* Task to complete: Copy the lines below exactly, starting at the one with "amFilm Auto-Alignment OneTouch" and ending at the one with "Logo: Blue oval", and leave out any picture.

* The data:
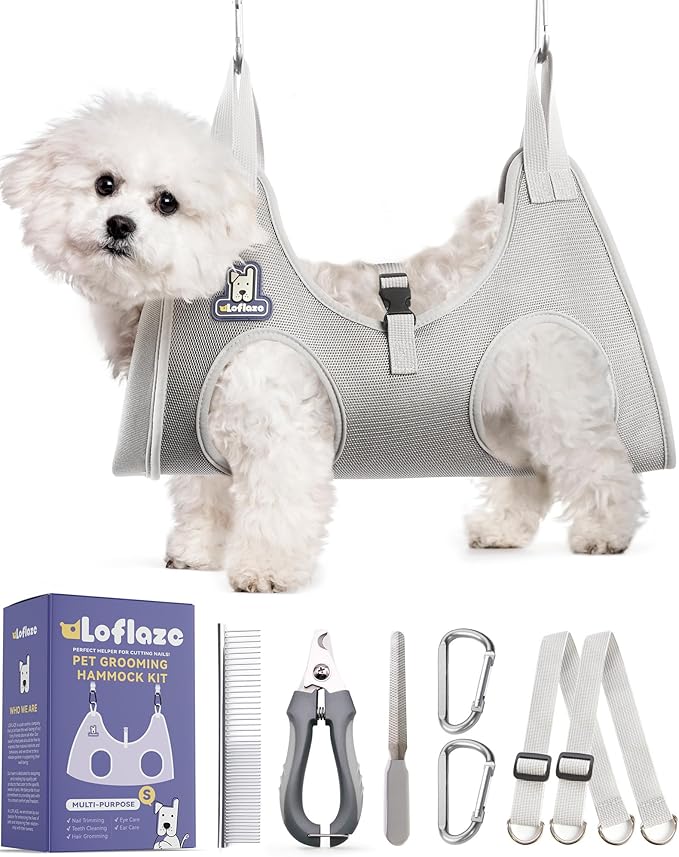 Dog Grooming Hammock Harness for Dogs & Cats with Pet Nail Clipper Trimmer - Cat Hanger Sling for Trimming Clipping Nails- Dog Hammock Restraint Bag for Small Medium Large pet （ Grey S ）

* * *

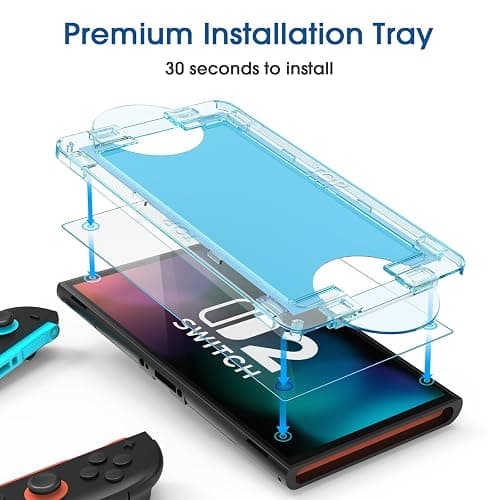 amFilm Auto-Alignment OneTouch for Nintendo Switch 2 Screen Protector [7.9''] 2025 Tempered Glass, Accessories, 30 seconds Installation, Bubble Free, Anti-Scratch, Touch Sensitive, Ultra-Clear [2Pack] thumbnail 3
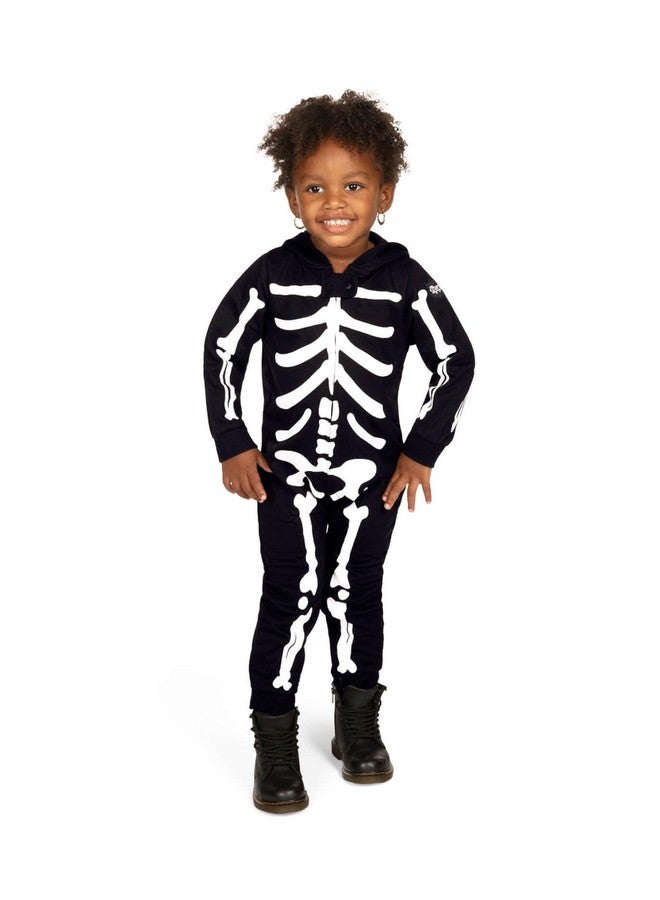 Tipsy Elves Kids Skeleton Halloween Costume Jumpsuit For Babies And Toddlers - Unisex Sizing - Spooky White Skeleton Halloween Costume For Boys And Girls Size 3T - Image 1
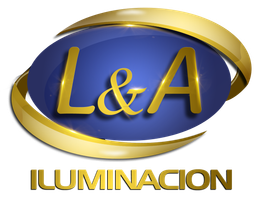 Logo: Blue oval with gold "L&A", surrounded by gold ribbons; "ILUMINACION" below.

* Result for this task:
 amFilm Auto-Alignment OneTouch for Nintendo Switch 2 Screen Protector [7.9''] 2025 Tempered Glass, Accessories, 30 seconds Installation, Bubble Free, Anti-Scratch, Touch Sensitive, Ultra-Clear [2Pack] thumbnail 3
 Tipsy Elves Kids Skeleton Halloween Costume Jumpsuit For Babies And Toddlers - Unisex Sizing - Spooky White Skeleton Halloween Costume For Boys And Girls Size 3T - Image 1
 Logo: Blue oval with gold "L&A", surrounded by gold ribbons; "ILUMINACION" below.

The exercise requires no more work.